» Provided data
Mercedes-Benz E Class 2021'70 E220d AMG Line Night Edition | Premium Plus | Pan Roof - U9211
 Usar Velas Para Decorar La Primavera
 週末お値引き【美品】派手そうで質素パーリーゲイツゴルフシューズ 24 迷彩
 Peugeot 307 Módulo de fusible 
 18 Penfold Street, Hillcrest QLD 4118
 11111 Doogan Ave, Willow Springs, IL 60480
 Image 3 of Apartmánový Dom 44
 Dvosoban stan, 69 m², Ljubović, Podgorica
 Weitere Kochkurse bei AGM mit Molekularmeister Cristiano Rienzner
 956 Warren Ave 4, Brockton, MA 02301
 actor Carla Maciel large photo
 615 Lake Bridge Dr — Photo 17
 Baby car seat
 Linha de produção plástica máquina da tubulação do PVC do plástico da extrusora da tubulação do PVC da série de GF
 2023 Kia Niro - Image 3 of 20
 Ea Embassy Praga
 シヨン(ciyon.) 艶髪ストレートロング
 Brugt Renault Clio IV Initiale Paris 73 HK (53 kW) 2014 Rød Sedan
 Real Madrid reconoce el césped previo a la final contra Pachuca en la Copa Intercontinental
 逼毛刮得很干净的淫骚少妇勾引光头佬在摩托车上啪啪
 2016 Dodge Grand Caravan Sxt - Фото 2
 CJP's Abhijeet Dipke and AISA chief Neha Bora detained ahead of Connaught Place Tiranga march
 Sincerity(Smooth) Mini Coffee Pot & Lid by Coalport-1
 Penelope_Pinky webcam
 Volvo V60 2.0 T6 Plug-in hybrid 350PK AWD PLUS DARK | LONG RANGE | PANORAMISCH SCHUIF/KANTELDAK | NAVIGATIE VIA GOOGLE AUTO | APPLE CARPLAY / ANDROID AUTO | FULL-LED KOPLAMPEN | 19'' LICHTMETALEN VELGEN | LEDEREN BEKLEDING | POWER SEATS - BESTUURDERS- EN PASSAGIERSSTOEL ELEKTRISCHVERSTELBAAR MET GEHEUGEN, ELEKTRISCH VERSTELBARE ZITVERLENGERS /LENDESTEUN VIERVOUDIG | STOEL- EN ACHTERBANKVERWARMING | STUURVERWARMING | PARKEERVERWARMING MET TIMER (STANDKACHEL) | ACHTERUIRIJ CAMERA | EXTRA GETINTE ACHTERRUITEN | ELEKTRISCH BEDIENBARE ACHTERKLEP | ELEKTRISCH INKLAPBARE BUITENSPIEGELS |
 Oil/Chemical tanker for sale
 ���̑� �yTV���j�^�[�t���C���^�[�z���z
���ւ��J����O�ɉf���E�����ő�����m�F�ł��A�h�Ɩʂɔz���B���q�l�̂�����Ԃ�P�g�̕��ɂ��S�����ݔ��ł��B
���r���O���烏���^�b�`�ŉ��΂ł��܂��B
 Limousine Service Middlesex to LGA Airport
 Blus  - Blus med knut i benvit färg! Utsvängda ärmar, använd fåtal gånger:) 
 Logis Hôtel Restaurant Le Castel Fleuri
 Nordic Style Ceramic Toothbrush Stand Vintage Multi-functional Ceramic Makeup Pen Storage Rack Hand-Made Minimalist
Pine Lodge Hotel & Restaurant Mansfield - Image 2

» Exercise
Check the listing above for "Restaurant". Show every line where it turns up.

» Expected answer
 Logis Hôtel Restaurant Le Castel Fleuri
Pine Lodge Hotel & Restaurant Mansfield - Image 2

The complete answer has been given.